Keine Erlassbescheide

In verfahrensrechtlicher Hinsicht ist für die Gewährung des Steuererlasses nach § 28a ErbStG ein Antrag des Erwerbers notwendig. Dieser Antrag sollte bereits im Rahmen der entsprechenden Erbschaft- beziehungsweise Schenkungsteuererklärung gestellt werden und kann zu einem teilweisen oder vollständigen Erlass der auf das begünstigte Vermögen entfallenden Steuer führen.

Bislang wurden jedoch Anträge auf Steuererlass nach § 28a ErbStG bundesweit – soweit ersichtlich – nicht beschieden. Wie aus der Begründung des am 23.11.2018 durch den Bundesrat gebilligten „Gesetzes zur Vermeidung von Umsatzsteuerausfällen beim Handel mit Waren im Internet und zur Änderung weiterer steuerlicher Vorschriften“ (JStG 2018) hervorgeht, hatte dies folgenden Hintergrund: Ein einmal gewährter Erlassbescheid wäre (da nicht den Korrekturvorschriften für Steuerverwaltungsakte folgend) nach bisheriger Gesetzeslage nur dann änderbar gewesen, wenn einer der gesetzlich in § 28a Abs. 4 ErbStG normierten Fälle vorliegt. Letzteres ist dann der Fall, wenn der Erwerber die maßgebliche Lohnsumme nicht einhält, gegen bestimmte Verfügungs- und Entnahmebeschränkungen verstößt oder der oben genannte schädliche Nacherwerb (Erbschaften oder Schenkungen auch von Dritten) vorliegt. Nicht umfasst ist bislang der Fall, dass z.B. eine Betriebsprüfung nachträglich ein höheres erbschaftsteuerlich schädliches Unternehmensvermögen auf den seinerzeitigen Übertragungszeitpunkt feststellt. Hier schafft nun das JStG 2018 aus Sicht des Gesetzgebers Abhilfe, indem es eine Änderung des ursprünglichen Erlassbescheides auch dann zulässt, wenn entsprechende Feststellungen in anderen Steuer- bzw. Feststellungsbescheiden getroffen oder geändert werden. Die Gesetzesbegründung spricht hier von einer „erheblichen Unsicherheit auf Seiten der betroffenen Bürger“, zu der es ohne die gesetzliche Neuregelung gekommen wäre, da der Steuererlass gegebenenfalls erst mit einer erheblichen zeitlichen Verzögerung ausgesprochen werden könnte.

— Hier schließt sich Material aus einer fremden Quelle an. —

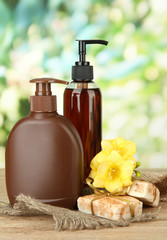 Liquid and hand-made soaps on wooden table, on green background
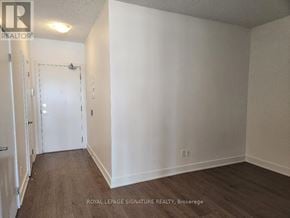 Toronto (Banbury-Don Mills) condo for rent - A white room with a door and a brokerage sign on the wall.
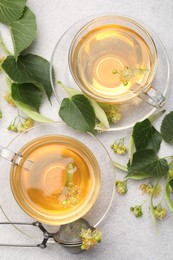 Photo of Fresh linden tea in cups and flowers on light grey table, flat lay
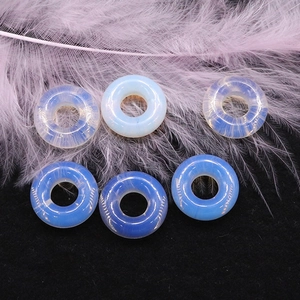 Vista macro di perle donut in opalite blu e piuma viola su velluto nero elegante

Zeitliche Anwendung der Neuregelung

Die Änderungen des § 28a ErbStG sollen auf Erwerbe Anwendung finden, für die ein Erlass erstmals nach Verkündung des JStG 2018 ausgesprochen wurde. Dies scheint auf den ersten Blick einsichtig, da ja offenbar nur pro futuro wirkend. Betrachtet man aber den vorgenannten Befund, dass es bislang keine entsprechenden Erlassbescheide zu geben scheint, dann wird deutlich, dass diese gesetzliche Neuregelung alle Erwerbe nach dem 30.06.2016 betrifft, für die ein Steuererlass nach § 28a ErbStG (bislang vergeblich!) beantragt wurde. Dies kommt einer faktischen Rückwirkung der Neuregelung gleich.

Fazit

Die gesetzliche Neuregelung aus dem Jahre 2016 war zunächst lückenhaft und die Finanzverwaltung hatte offenbar Bedenken, entsprechende Erlassbescheide zu gewähren, in Sorge um ihre spätere Änderbarkeit. Daher wurde ein entsprechend beantragter Steuererlass zunächst überhaupt nicht gewährt. Mit der Neuregelung dürfte sich dies wieder ändern. Man muss kein Prophet sein, um vorherzusagen, dass diese Vorgehensweise entsprechende finanzgerichtliche Verfahren nach sich ziehen wird, die am Ende beim BVerfG enden werden. Diesen Weg werden voraussichtlich noch eine Reihe erbschaftsteuerlicher Vorschriften nehmen.